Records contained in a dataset
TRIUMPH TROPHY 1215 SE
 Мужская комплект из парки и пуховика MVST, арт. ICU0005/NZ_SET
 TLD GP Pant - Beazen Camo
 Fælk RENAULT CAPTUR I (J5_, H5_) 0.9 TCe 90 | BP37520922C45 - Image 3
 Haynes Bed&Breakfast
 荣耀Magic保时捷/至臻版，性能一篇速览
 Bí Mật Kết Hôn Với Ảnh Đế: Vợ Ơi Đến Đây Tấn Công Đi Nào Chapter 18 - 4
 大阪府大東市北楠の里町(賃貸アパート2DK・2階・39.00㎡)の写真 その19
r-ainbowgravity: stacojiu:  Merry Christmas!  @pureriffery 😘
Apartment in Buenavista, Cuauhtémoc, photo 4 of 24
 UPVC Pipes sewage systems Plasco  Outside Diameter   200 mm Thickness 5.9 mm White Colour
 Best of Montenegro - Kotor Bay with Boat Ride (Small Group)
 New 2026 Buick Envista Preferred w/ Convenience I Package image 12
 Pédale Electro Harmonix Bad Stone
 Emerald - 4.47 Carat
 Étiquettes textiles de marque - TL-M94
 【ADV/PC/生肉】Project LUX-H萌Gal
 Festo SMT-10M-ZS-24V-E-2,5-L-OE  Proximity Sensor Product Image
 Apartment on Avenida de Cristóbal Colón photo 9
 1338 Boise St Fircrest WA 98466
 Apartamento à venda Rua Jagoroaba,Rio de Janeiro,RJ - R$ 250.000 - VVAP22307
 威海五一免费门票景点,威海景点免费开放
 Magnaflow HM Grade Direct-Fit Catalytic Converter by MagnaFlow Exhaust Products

### Goal of the exercise
The job here is to write out all the entries again exactly.

### Answer box
TRIUMPH TROPHY 1215 SE
 Мужская комплект из парки и пуховика MVST, арт. ICU0005/NZ_SET
 TLD GP Pant - Beazen Camo
 Fælk RENAULT CAPTUR I (J5_, H5_) 0.9 TCe 90 | BP37520922C45 - Image 3
 Haynes Bed&Breakfast
 荣耀Magic保时捷/至臻版，性能一篇速览
 Bí Mật Kết Hôn Với Ảnh Đế: Vợ Ơi Đến Đây Tấn Công Đi Nào Chapter 18 - 4
 大阪府大東市北楠の里町(賃貸アパート2DK・2階・39.00㎡)の写真 その19
r-ainbowgravity: stacojiu:  Merry Christmas!  @pureriffery 😘
Apartment in Buenavista, Cuauhtémoc, photo 4 of 24
 UPVC Pipes sewage systems Plasco  Outside Diameter   200 mm Thickness 5.9 mm White Colour
 Best of Montenegro - Kotor Bay with Boat Ride (Small Group)
 New 2026 Buick Envista Preferred w/ Convenience I Package image 12
 Pédale Electro Harmonix Bad Stone
 Emerald - 4.47 Carat
 Étiquettes textiles de marque - TL-M94
 【ADV/PC/生肉】Project LUX-H萌Gal
 Festo SMT-10M-ZS-24V-E-2,5-L-OE  Proximity Sensor Product Image
 Apartment on Avenida de Cristóbal Colón photo 9
 1338 Boise St Fircrest WA 98466
 Apartamento à venda Rua Jagoroaba,Rio de Janeiro,RJ - R$ 250.000 - VVAP22307
 威海五一免费门票景点,威海景点免费开放
 Magnaflow HM Grade Direct-Fit Catalytic Converter by MagnaFlow Exhaust Products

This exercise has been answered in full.